ABOUT THIS TASK: Starting with the line that has "0809 TAURUS DIRECTFIT FRONT PIPE KIT" in the records below and ending with the line that has "THE GOODLAND MARKET（ザグッドランドマーケット）の「Ticien　RICRAC", output those lines exactly and nothing more; omit the pictures.

RECORDS FOR THIS EXERCISE:
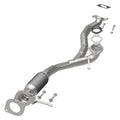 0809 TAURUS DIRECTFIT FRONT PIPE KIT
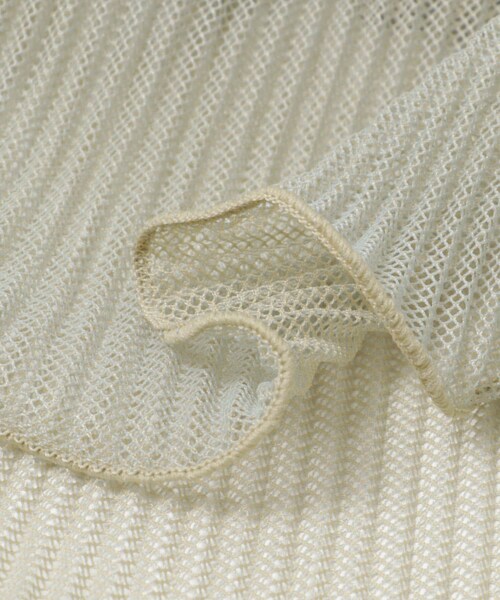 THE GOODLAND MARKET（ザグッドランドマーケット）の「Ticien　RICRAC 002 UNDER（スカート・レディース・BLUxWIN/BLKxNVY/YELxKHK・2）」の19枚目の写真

---

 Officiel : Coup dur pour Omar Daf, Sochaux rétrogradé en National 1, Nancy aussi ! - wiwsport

* * *

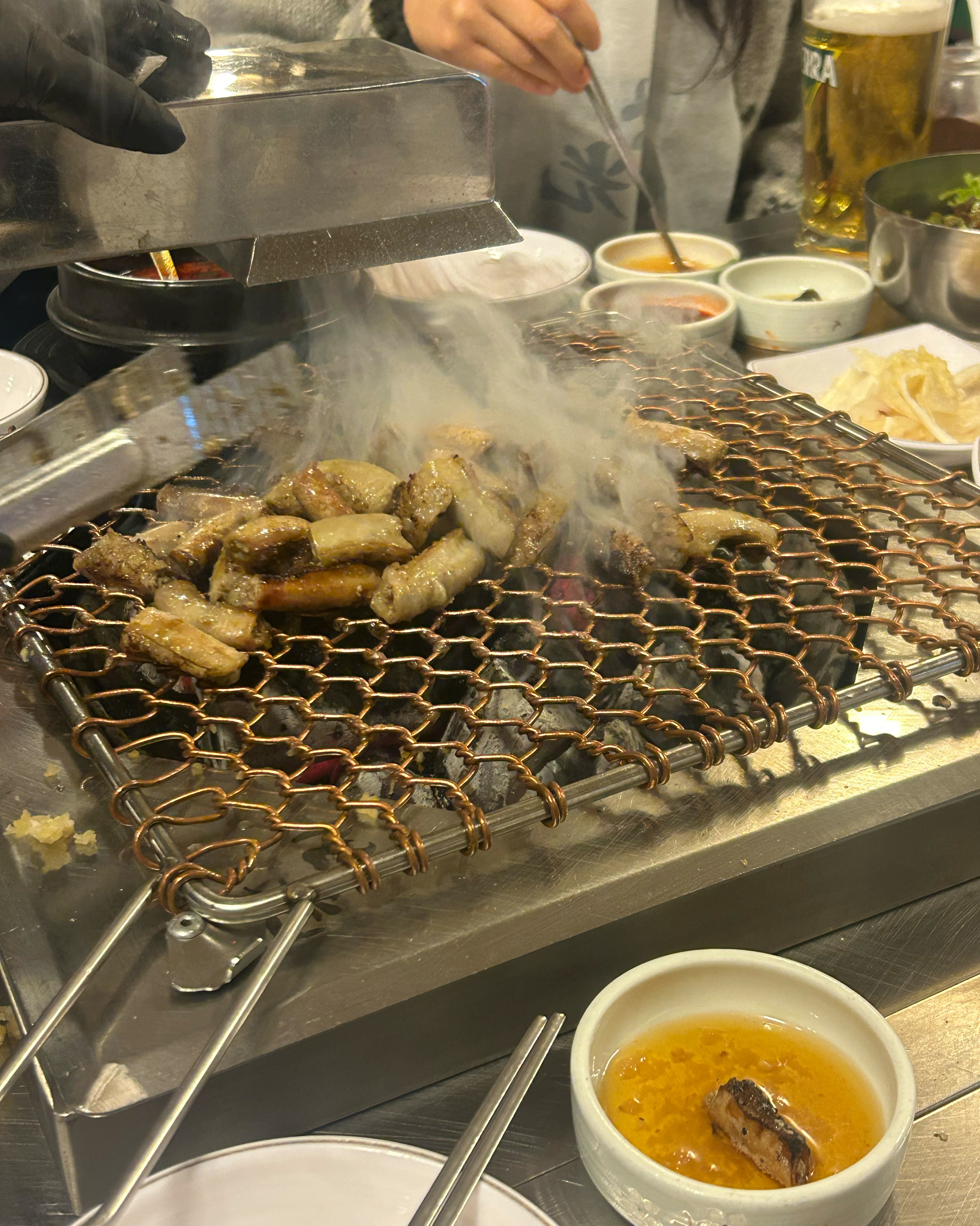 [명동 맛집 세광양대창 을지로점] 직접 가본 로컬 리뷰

YOUR SOLUTION:
 0809 TAURUS DIRECTFIT FRONT PIPE KIT
 THE GOODLAND MARKET（ザグッドランドマーケット）の「Ticien　RICRAC 002 UNDER（スカート・レディース・BLUxWIN/BLKxNVY/YELxKHK・2）」の19枚目の写真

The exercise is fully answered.